What you have to do
Write the lines below out exactly, dropping each picture.

Segment Start: Data excerpt

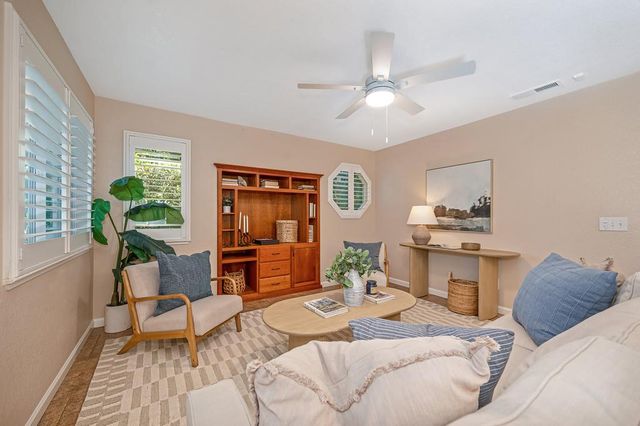 9170 Malden Ct, Elk Grove, CA 95624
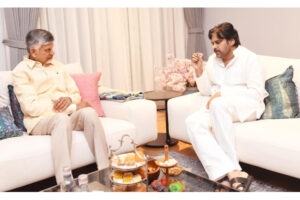 పవన్‌ను పరామర్శించిన చంద్రబాబు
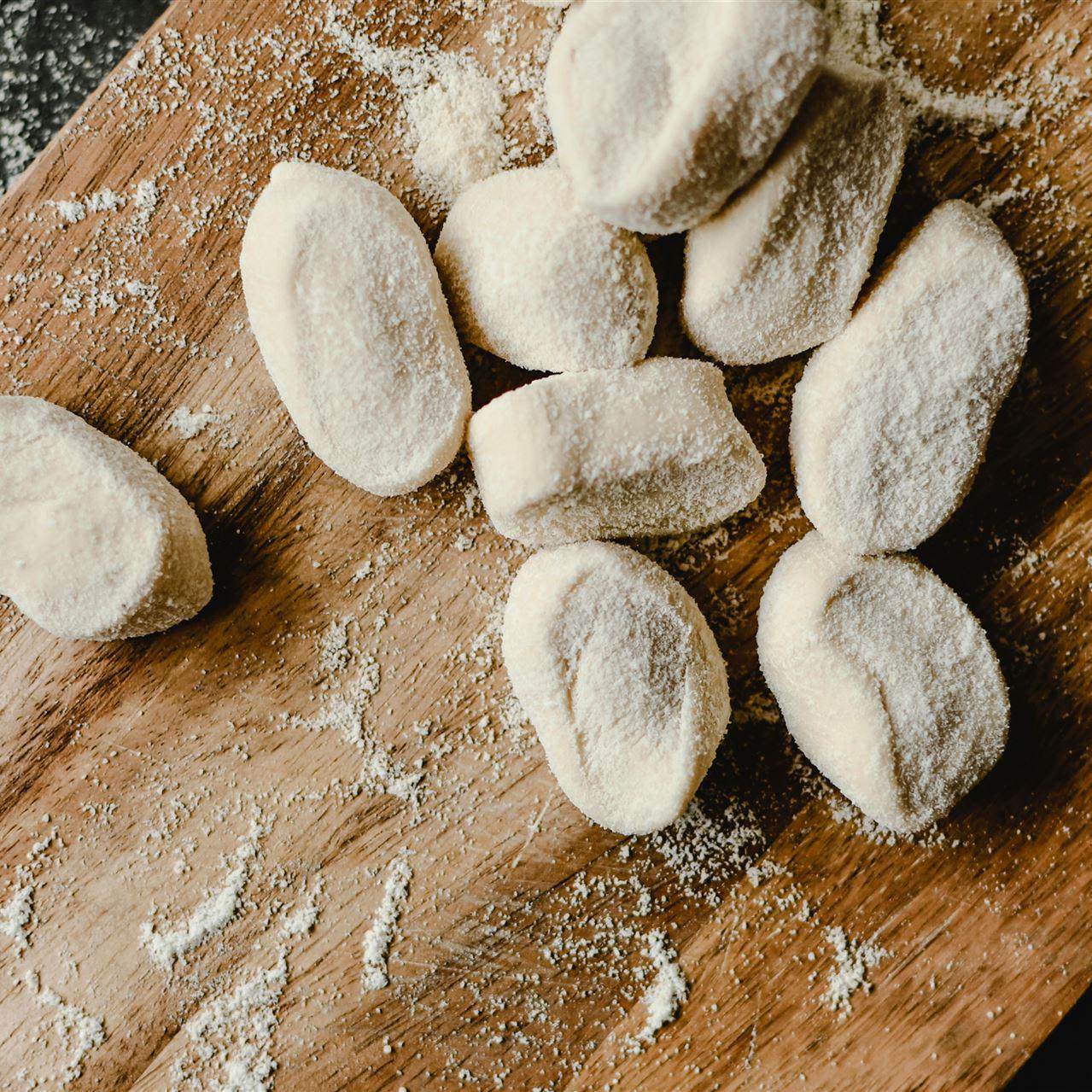 Kostenloses Stock Foto zu essen, essenszubereitung, hölzernen schneidebrett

Segment End: Data excerpt

Exercise output
 9170 Malden Ct, Elk Grove, CA 95624
 పవన్‌ను పరామర్శించిన చంద్రబాబు
 Kostenloses Stock Foto zu essen, essenszubereitung, hölzernen schneidebrett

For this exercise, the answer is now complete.